僕は辺りのフレンズを探しつつ、僕は島の内部まで進んだ。

突然、僕は転んだ。

足元をよく見ると、2本の草が結ばれ、輪のようになっていた。誰かが意図的にしないとこうはならない。パークに、誰かを転ばせようとする、悪意ある誰かがいるんだ。僕はさらに警戒しながら先へ進んだ。

とりあえず、今パークで起こっていることを聞くために図書館へと向かった。


図書館への道には、相変わらずバリケードが設置してあった。心なしか以前より大きく頑丈になった気がする。越えていくのは難しいと思ったから、クイズの森の方を通った。

「すいませーん!博士ー!助手さーん!」

呼びかけても返事は返ってこなかった。

「おーい!だれかー!」

「あなたも我々の平穏を乱しに来たのですか⁉︎かばん!」

振り返ると、かなり怒った様子の助手がそこにいた。

「へ?な、なんのことですか…?」あまりの剣幕に僕はたじろぎながら応えた。

「あなたがパークの外に出たという知らせを聞いてから1週間後、島にヒトの一団が到着しました。彼らは島に着くなり手当たりしだいにフレンズを捕らえ続けました。しんりんちほーにいたフレンズもほとんどが狩られ、博士でさえも捕まってしまいました!まだ島には狩人がいます!我々はその間、常に怯えながらの生活を余儀なくさせられました!」

「そんな…僕はただ…」

「ここにはここのバランスがあるのです!おまえさえいなければ、我々もサーバルも危険にさらされることもなく、平穏のうちに一生を終えることができたのです!もうヒトは信用なりません!この森から…とっとと出て行くのです!」

僕は怒っている助手をこれ以上刺激しないよう、急いで森を出た。


森を抜けると、へいげんに出た。

これからどうしたらいいのかを考えていると、前から何かがものすごいスピードで飛んできて僕の頰をかすめた。

見ると背後にあった木に、細長い槍が突き刺さっている。この槍は見覚えがある。ラビラビこと、アラビアオリックスさんのものだ。

「誰かと思ったらかばんか。いきなり攻撃して悪かったな。つい狩人かと思ってしまった」

ラビラビさんが頭を下げようとするのをオーロックスさんが止めた。

「待て。大将の御命令は『平原に入ったヒトは全員追い出すか、消せ』だった。かばんはヒトだ。

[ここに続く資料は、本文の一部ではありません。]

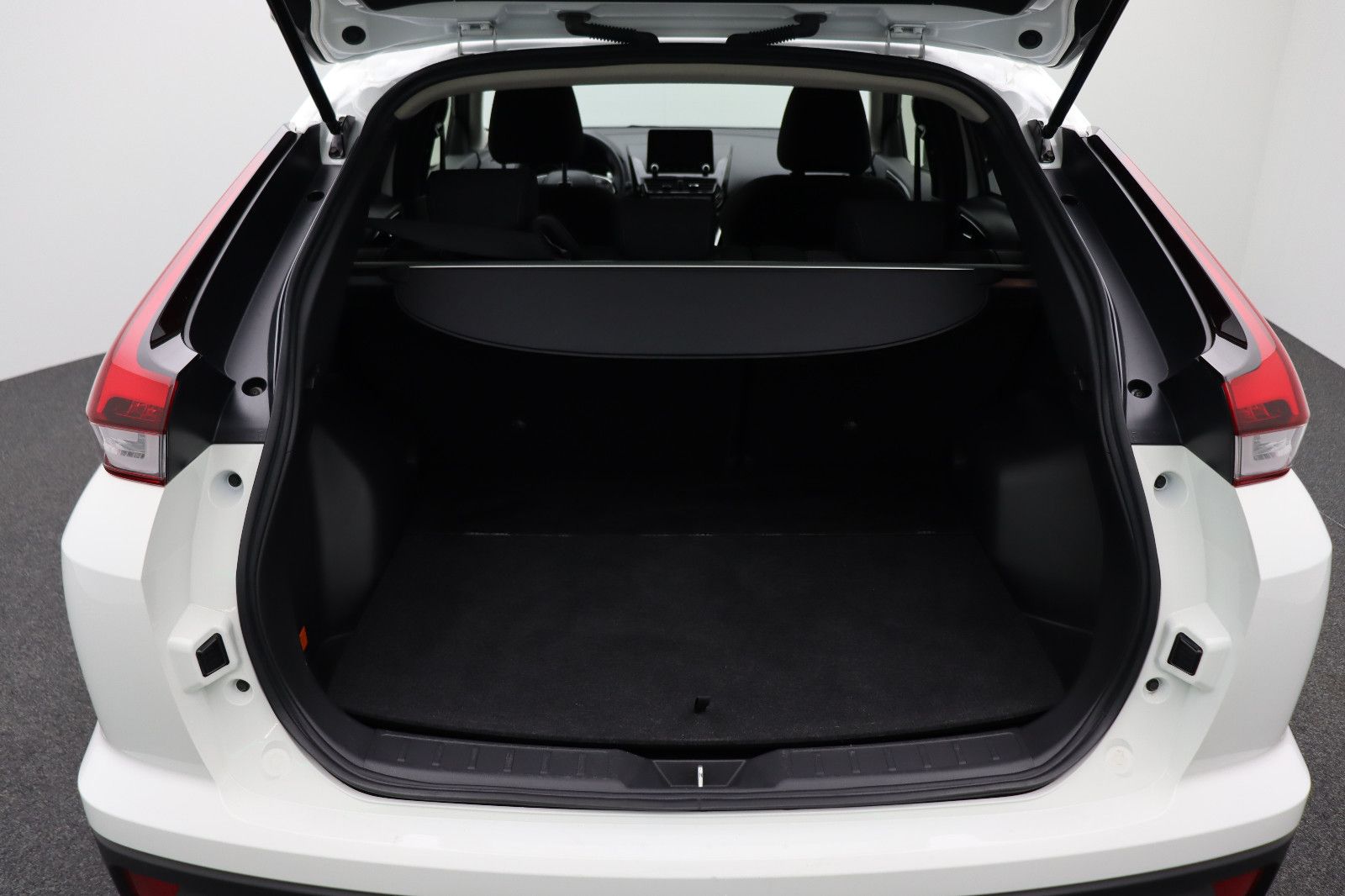 Fahrzeugabbildung Mitsubishi Eclipse Cross 2.4 Basis Hybrid 4WD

すなわち、かばんも追い出さなければならない!」

「そんな…僕はみなさんに危害を加える気なんて…」

「問答無用‼︎ 大将の御命令だ。今すぐにへいげんから立ち去れ‼︎」

僕はその気迫に負け、走って逃げ出してしまった。


へいげんから出てしばらくして、僕は走るのをやめた。

僕にはもう察しがついていた。

ここにあった僕の居場所は、もう跡形もなく無くなってしまったのだ。

今の僕は、完全なる「のけもの」だった。

もはや涙も出ないほど悲しかった。

PPPのライブで聞いて、あとでみんなで歌った歌の一節「けものはいても のけものはいない」がとても皮肉に思い出される。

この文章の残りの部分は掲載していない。